Mike is ambitious and has high standards for himself and any potential partner. He is already very popular but does try very hard, making a lot of effort to be a convention guy. Perhaps, when drunk, these rules and standards don’t seem so important and he is free. His habit of ‘ghosting’ women seemingly without any qualms suggests that he also holds a pretty high opinion of himself. However, thinking a lot of oneself is a feeble position, requiring a lot of maintenance. Probably the experience of being Mike is quite an emotionally exhausting one. Probably if he just accepted and valued himself for the person he is, not his achievements, and if he took a bit more time to just be kind to people, then life would be all the richer.
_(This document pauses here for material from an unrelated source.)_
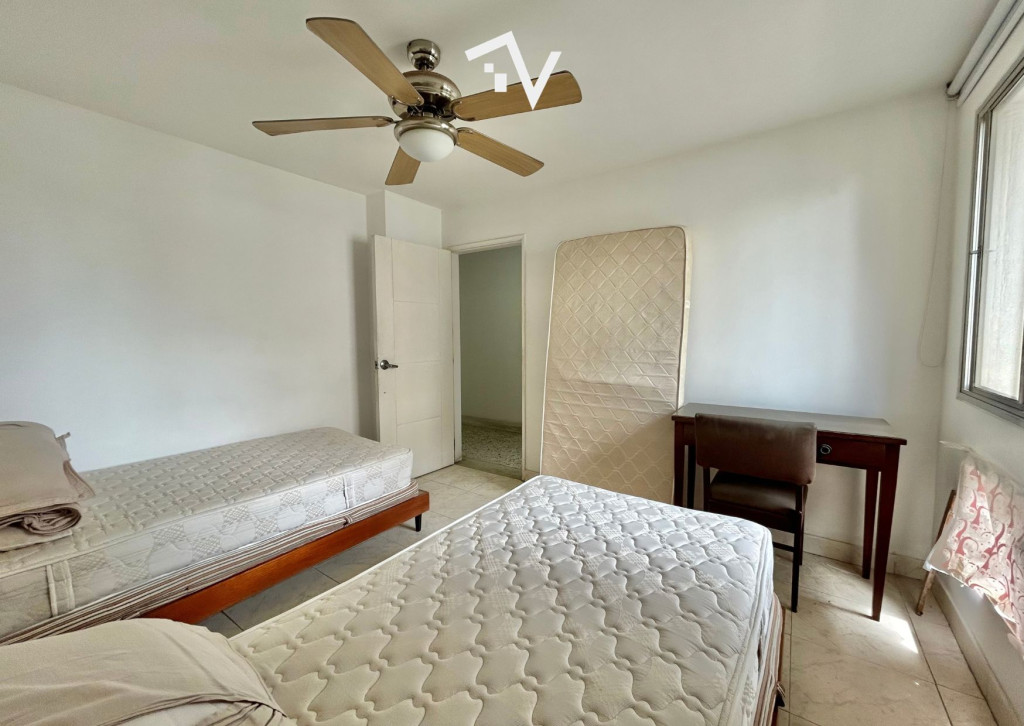 Apartamento en venta en Altos Del Prado, Barranquilla · foto 24 de 24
Alcohol lets the heart rule the head. When sober, we bury our desires. They are felt, bubbling, deep down, but rational sense forces us to concede that, for some reason, we cannot have this thing we want. So we keep it on the low.
It is sad that so many people hold onto fantasies and hopes which cannot be expressed in sober life. That is not to say that they should just reveal all. The question is, are these repressed desires well-founded? Are the things they aspire to superficial? We are so very tempted by things such as sentimentality; nostalgia; ideas about our perfect partner, or the admiration of others. The imagining of these things excites us, but only in a sad way, because we long for them.
Perhaps these repressed desires reveal obstacles to happiness. And rather than being fulfilled, they should be relinquished.